Baroness Spielman: Schools too focused on mental health, should prioritise academics, says former Ofsted chief

Former Ofsted head argues that emphasis on mental health in schools risks undermining academic achievement and personal development

World 3 months ago
Baroness Spielman: Schools too focused on mental health, should prioritise academics, says former Ofsted chief

Baroness Spielman, who led the schools watchdog from 2017 to 2023, says that schools have become “therapeutic institutions” with too much emphasis on mental health and not enough on academics. She argues that encouraging children to identify negative emotions from as young as three is a normal part of childhood, and that schools would benefit from a stronger focus on learning and achievement in the classroom.

The former Ofsted chief told the Sunday Times that if schools reconceived themselves as places to find things to be wrong with children, they would likely uncover problems and risk feeding a “negative spiral” in which more wellbeing support reinforces the idea that a child cannot cope without help. “The danger is you get into a downward spiral where the more of that kind of [mental health] support you give to a child, the more you reinforce the idea that they can't cope without it.”

NHS data for 2023 suggested almost a quarter (23.3%) of children had a probable mental disorder, such as anxiety or depression, up from 19% the year prior.
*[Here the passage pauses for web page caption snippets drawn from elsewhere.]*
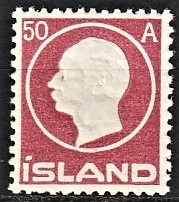 FRIMÆRKER ISLAND | 1912 - AFA 72 - Kong Frederik VIII - 50 aur lillarød - Ubrugt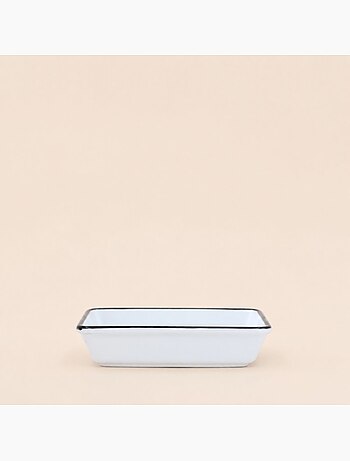 Porte savon céramique blanc liseret noir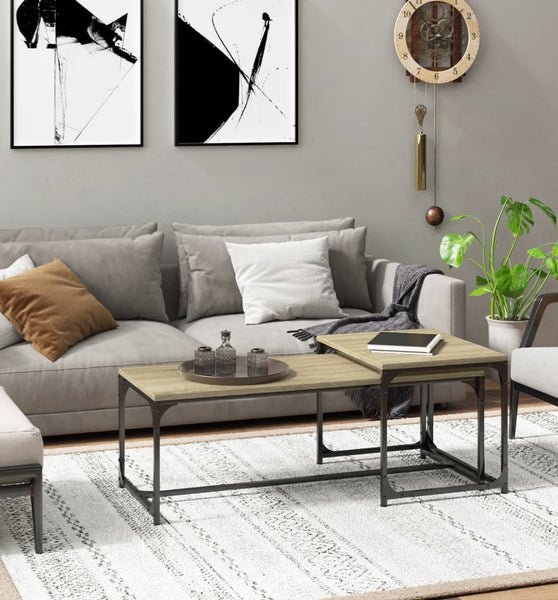 Couchtische 2 Stk. Sonoma-Eiche Holzwerkstoff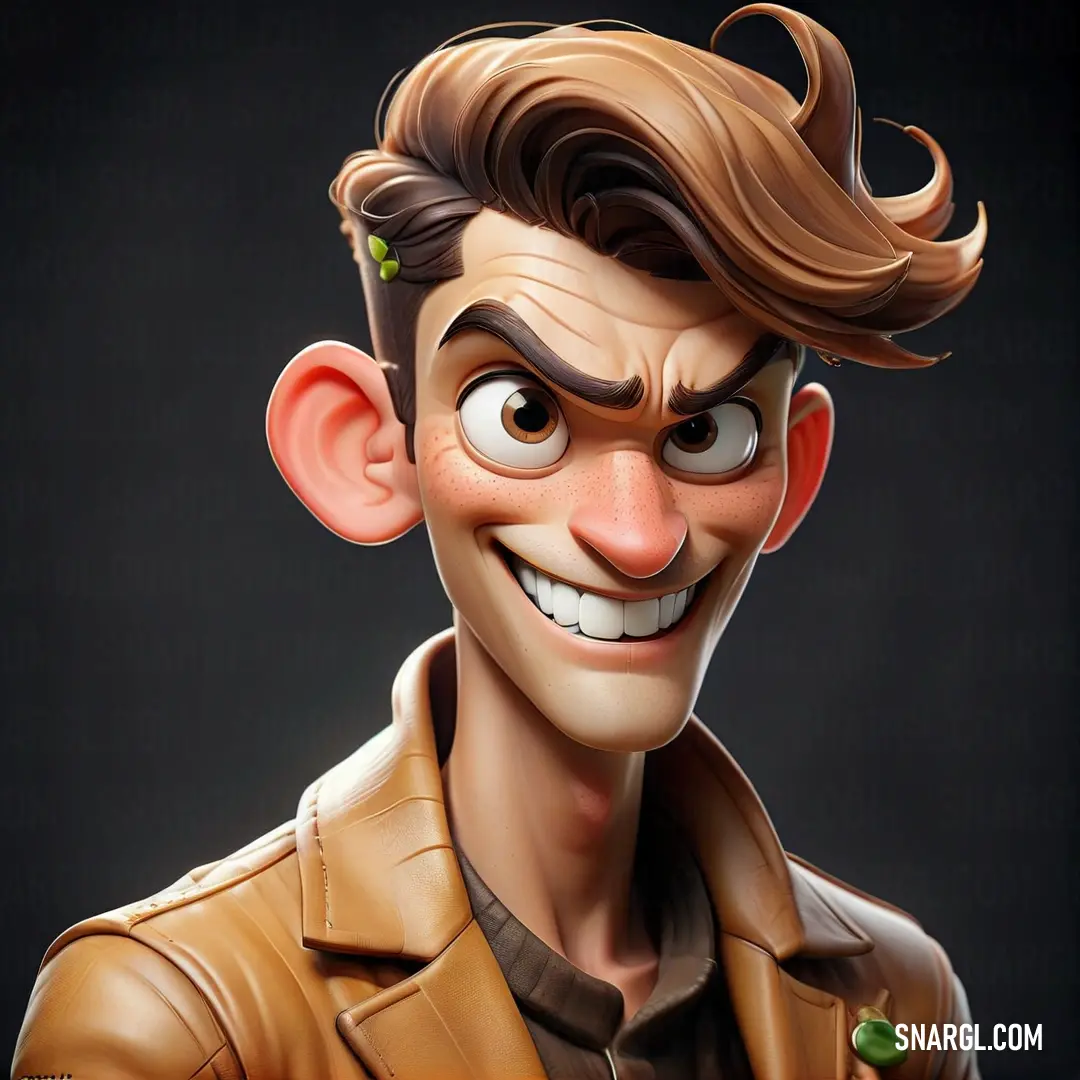 Cartoon character with a brown jacket and a smile on his face. Example of CMYK 0,46,79,27 color.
Spielman noted that the absences linked to mental health can have long-term consequences, with frequent absentees earning about £10,000 a year less than their peers by age 28. The comments come as ministers push to tighten how mental health is addressed in schools amid concerns about worklessness among young people.

Under government plans, all pupils will have access to mental health support in school by the end of the decade, with six in ten pupils expected to have access to a mental health support team by March 2026. A separate report has found a rising number of teenagers and young adults claiming sickness benefits for mental health problems, fueling concerns that teaching about mental health is contributing to an over-medicalised view of everyday life. New guidance from the Department for Education directs that pupils be taught that worrying and feeling down are normal, can affect everyone at different times, and are not in themselves a sign of a mental-health condition. It adds that teachers should help students see these feelings as manageable rather than as indicators of illness.

The changes form part of updated guidance on teaching relationships, sex and health education (RHSE). Some provisions around mental health had been carried over from a draft drawn up by the previous Conservative government, but Education Secretary Bridget Phillipson has toughened them amid concerns about rising worklessness among young people. In particular, she included a requirement that schools must not teach about mental health in a way that encourages self-diagnosis of mental conditions. Tomorrow the Covid-19 inquiry will begin hearing evidence about the pandemic’s impact on children and young people. Spielman was a vocal critic of school lockdowns in 2020, warning at the time that they did “a lot worse” to many children than simply delaying their education. She said: “Obviously first and foremost it is around the education that they are missing, but so much also around the personal development and their physical fitness which of course flows through into mental health, but physical health matters as well.” She added that ongoing findings show many children have regressed without the steady reinforcement provided by school structures and systems.